Leitsatz (amtlich)

1. Wenn ein Rechtsanwalt für den eigenen Mandanten (Beteiligten) Verfahrenskostenhilfe beantragt, kann regelmäßig davon ausgegangen werden, dass damit - mindestens stillschweigend - zugleich die Beiordnung des Verfahrensbevollmächtigten begehrt wird.

2. Die Beiordnung eines Rechtsanwalts ist aufzuheben, wenn der beigeordnete Rechtsanwalt nicht (mehr) zur Vertretung im Rahmen der gewährten Verfahrenskostenhilfe bereit ist.

 

Verfahrensgang

AG Berlin-Pankow/Weißensee (Aktenzeichen 10 F 5592/22)

 

Tenor

Auf die sofortige Beschwerde der Mutter wird der am 24. März 2023 erlassene Beschluss des Amtsgerichts Pankow - 10 F 5592/22 - abgeändert und die Beiordnung von Rechtsanwältin G. ersatzlos aufgehoben.

Gerichtsgebühren sind nicht zu erheben; außergerichtliche Kosten werden nicht erstattet.

 

Gründe

I. Die Mutter wendet sich dagegen, dass das Familiengericht nicht nur Verfahrenskostenhilfe gewährt, sondern im Rahmen der gewährten Verfahrenskostenhilfe ihr auch ihre Verfahrensbevollmächtigte, Rechtsanwältin G., beigeordnet hat. Sie macht geltend, es sei zwar Verfahrenskostenhilfe, aber keine Anwaltsbeiordnung begehrt worden.

II. 1. Die sofortige Beschwerde hat offensichtlich Erfolg:

a) Die Mutter hat mit Schriftsatz vom 14. Oktober 2022 (I/31) (nachträglich) beantragt, "für die Kindesmutter und Antragstellerin Verfahrenskostenhilfe zu bewilligen". Zwar wird man, wenn ein Anwalt für den eigenen Mandanten (Beteiligten) Verfahrenskostenhilfe beantragt, in aller Regel davon ausgehen können, dass damit - mindestens stillschweigend - zugleich die Beiordnung des Verfahrensbevollmächtigten begehrt wird, zumal eine Beiordnung auch stillschweigend beantragt werden kann (vgl. nur Dürbeck/Gottschalk, Prozess- und Verfahrenskostenhilfe [9. Aufl. 2020], Rn. 637).

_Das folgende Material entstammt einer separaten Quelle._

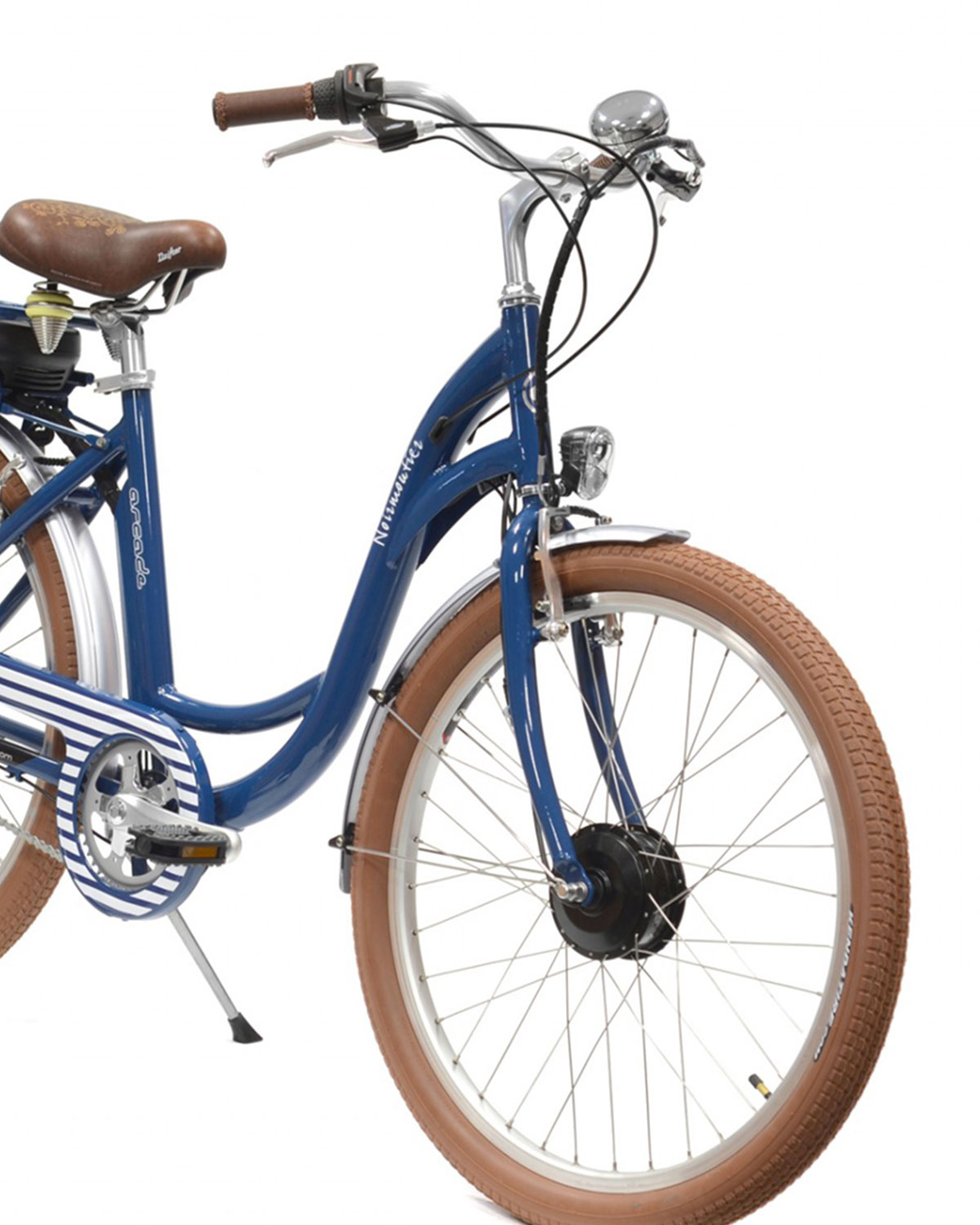 Velo electrique arcade e colors 26 store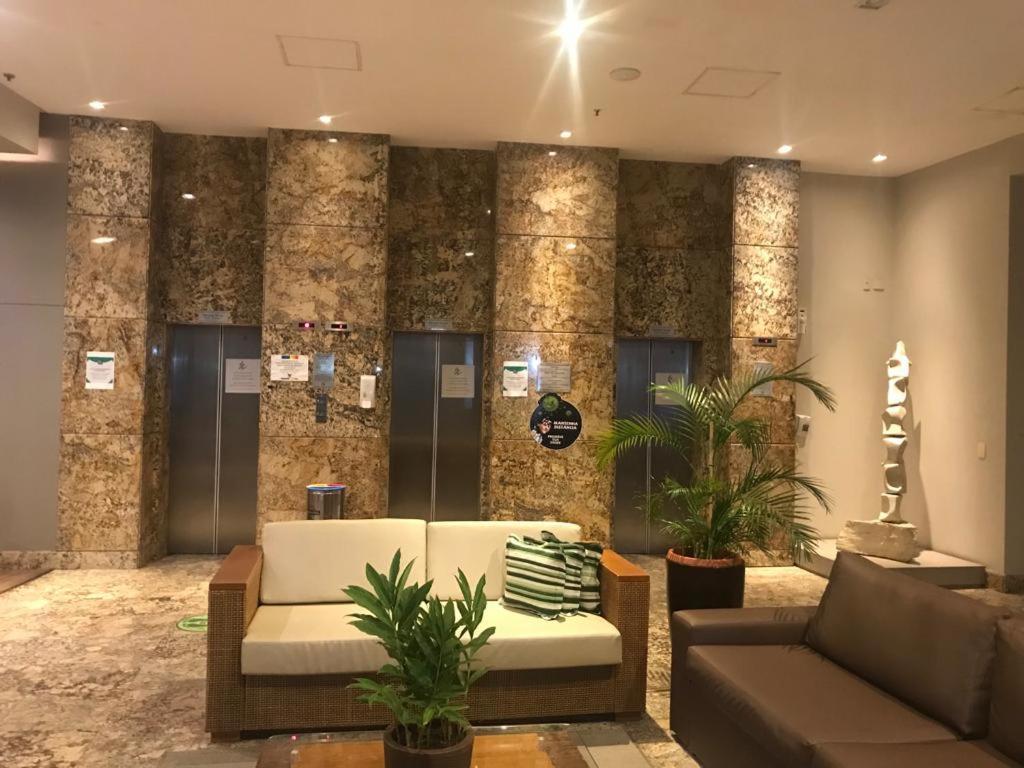 Condominio Natal Plaza Εξωτερικό φωτογραφία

Das gilt umso mehr, weil ein Rechtsanwalt regelmäßig für den Mandanten (Beteiligten) nicht kostenfrei wird arbeiten wollen und die - ebenfalls denkbare - Konstellation, dass der Beteiligte trotz Verfahrenskostenhilfebedürftigkeit bereit oder in der Lage ist, das reguläre (oder ein vereinbartes) Honorar des Rechtsanwalts zu bezahlen (beispielsweise, weil ihm von dritter Seite Geld vorgestreckt wurde), eher selten vorliegen wird. Daher wird im Allgemeinen davon ausgegangen werden können, dass der Rechtsanwalt, der für einen Beteiligten Verfahrenskostenhilfe beantragt, nicht nur wünscht, dem Beteiligten beigeordnet zu werden, sondern damit auch seine Bereitschaft zum Ausdruck bringt, zur Vertretung des Beteiligten bereit zu sein (§ 78 Abs. 1, 2 FamFG sowie Zimmermann, Prozesskosten- und Verfahrenskostenhilfe [6. Aufl. 2021], Rn. 322).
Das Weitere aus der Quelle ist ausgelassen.